Our 100 year old church was in need of a stabilizing redo and as each member formulated their opinion of the project, we began to argue over whether or not to replace “the dome.” Now “the dome” was not included in the original set of architectural plans. In fact it was added later like a cherry on top for some reason unknown to me. Hmmph.
Personally I found it offensive that we would be in the business of raising money for something not true to the first congregation’s vision. Besides other needy community endeavors called out for salvage. Hmmph. For me it was, in fact clunky, and my own father almost met an early death investigating its design which was prone to leakage.
On the flip side, the back story of a long time church member who vehemently pushed his opinion revealed that “the dome” must be replaced and rebuilt better than ever. Naturally, I thought, this made sense because this elderly member had never, to my knowledge, entertained anything that smacked of the visionary.
I’ll refer to him as Mr.

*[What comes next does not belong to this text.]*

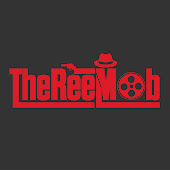 TheReelMob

Stoic, a humorless soul. I claimed to understand his motives as I scrutinized him at close range for decades while sitting in the pew behind his squared-off shoulders.

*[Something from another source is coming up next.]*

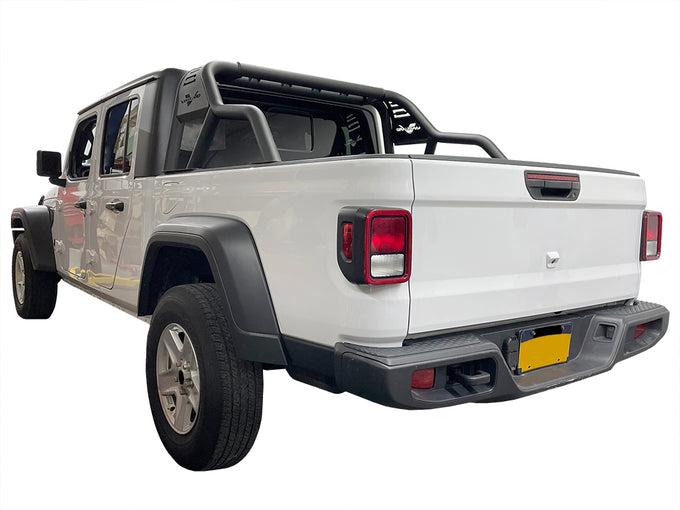 VGRB-2202BK - 1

As the church body smoldered, leadership prayed for a way back to unification for the renovation. For Sundays on end we found ourselves seated in folding chairs inside a temporary structure and Mr. Stoic sat before me per usual. Post service one Sunday we were called to offer our dome ideas where upon my nemesis walked to the podium and turned with tighten lips to face us all.

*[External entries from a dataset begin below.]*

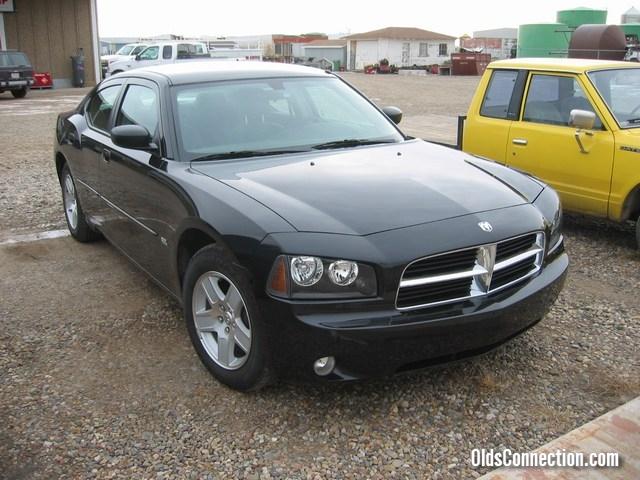 New Car1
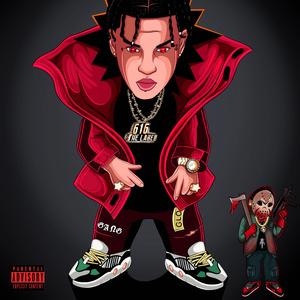 Naci Pobre Morire Rico Freestyle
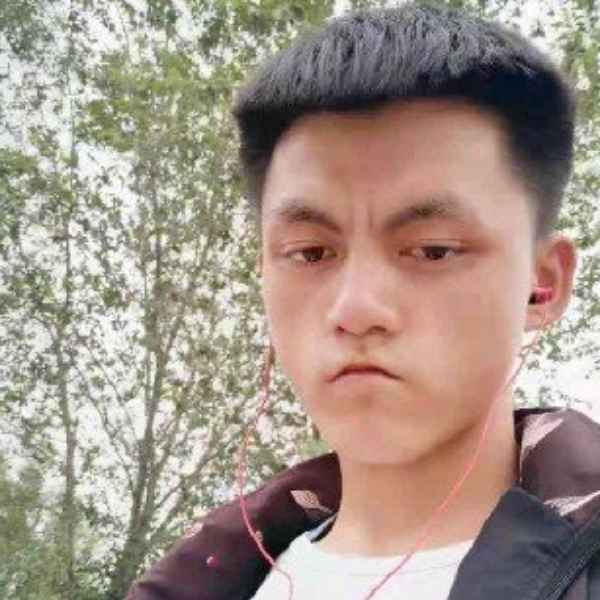 宁夏23岁单身帅哥真诚找对象-驻马店征婚相亲网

And then a strange thing happen. His voice cracked with the pain of surviving WWII. In few words he talked about the relief he felt after the long journey home concluding with tears by saying that as he turned the corner on to West 7th Street and saw “the dome,” he knew everything would be alright.
The next day I wrote a check for “that dome.” Grace offered me the sort of learning that presented an evolutionary best practice. Its path has nothing to do with the maintenance of the present or the past; it was an invitation to walk in another person’s tired shoes.
For all the tearing apart that occurs to prove we are right, our support of others is where we will build the new earth. This journey of burdens-shared will absolutely lighten our loads. I’m sure of it because Mother Nature doesn’t quibble. She proves the point everyday and harmony prevails.
And though I can slide back into that sort of righteous personality who thinks my vision, my ideas, my holy place, my school, my race and my notion about money spent on “the dome” is correct; I’m saved only by breathing in Mr. Stoic’s pain.
A duplicated dome hovered above Mr. Stoic and me as our stories contemplatively wove together inside the small sanctuary on West 7th Street until he flew away. His vulnerability and some deep listening made it all possible.
I now point to its shelter with a faithful sigh because of the choice trail through the yellow wood.